§ **WHAT YOU WILL DO**:
Reproduce the listing exactly, with no pictures in your copy.

§ **INPUT DATA**:
>>>
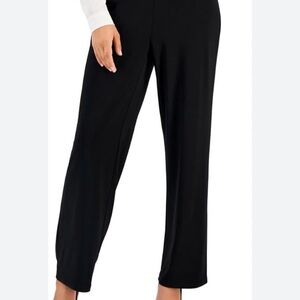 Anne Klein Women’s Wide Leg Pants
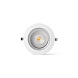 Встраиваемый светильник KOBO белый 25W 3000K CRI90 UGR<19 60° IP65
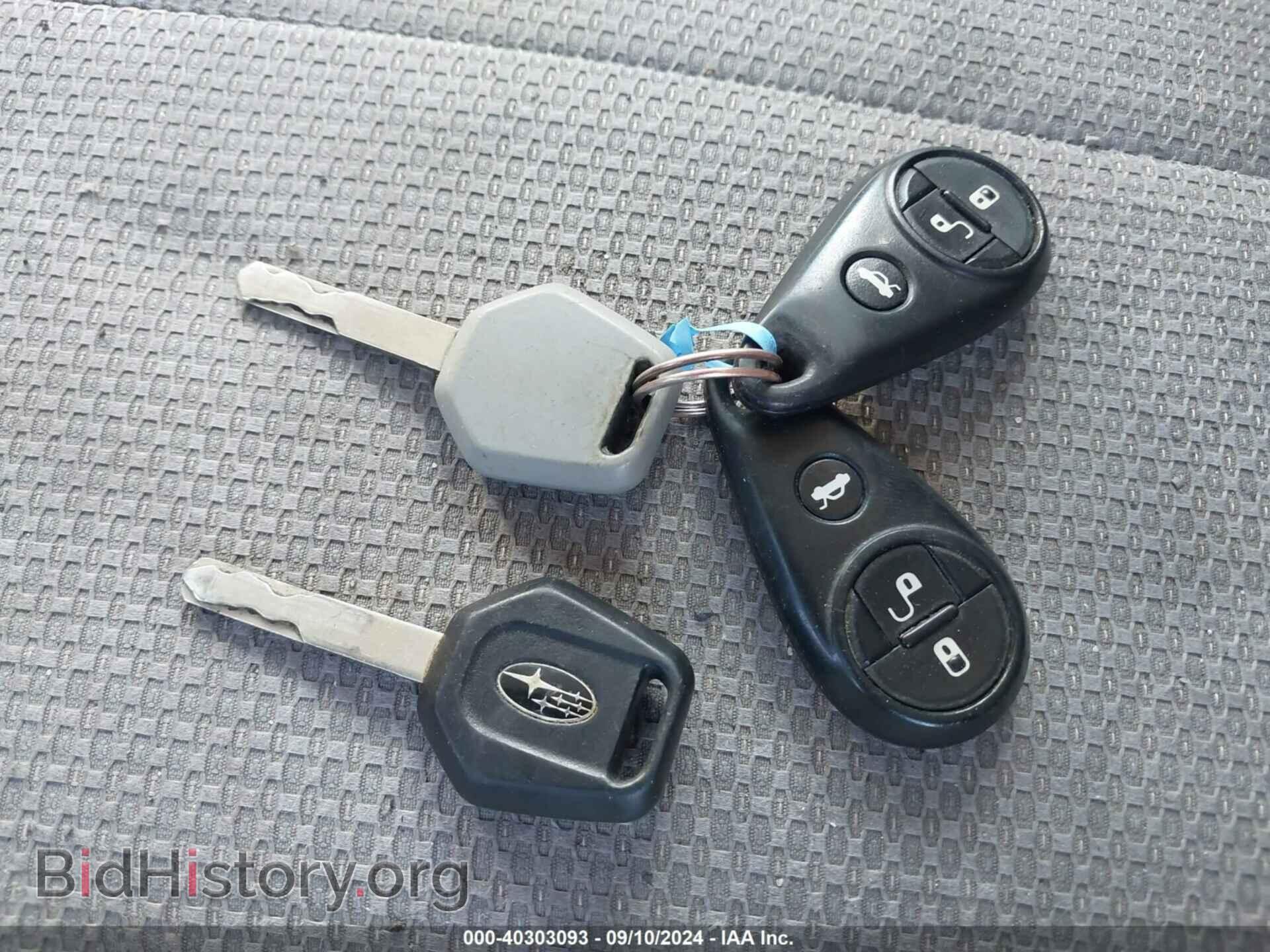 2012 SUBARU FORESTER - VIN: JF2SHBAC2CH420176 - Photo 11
<<<
§ **SOLUTION TO THE EXERCISE**:
 Anne Klein Women’s Wide Leg Pants
 Встраиваемый светильник KOBO белый 25W 3000K CRI90 UGR<19 60° IP65
 2012 SUBARU FORESTER - VIN: JF2SHBAC2CH420176 - Photo 11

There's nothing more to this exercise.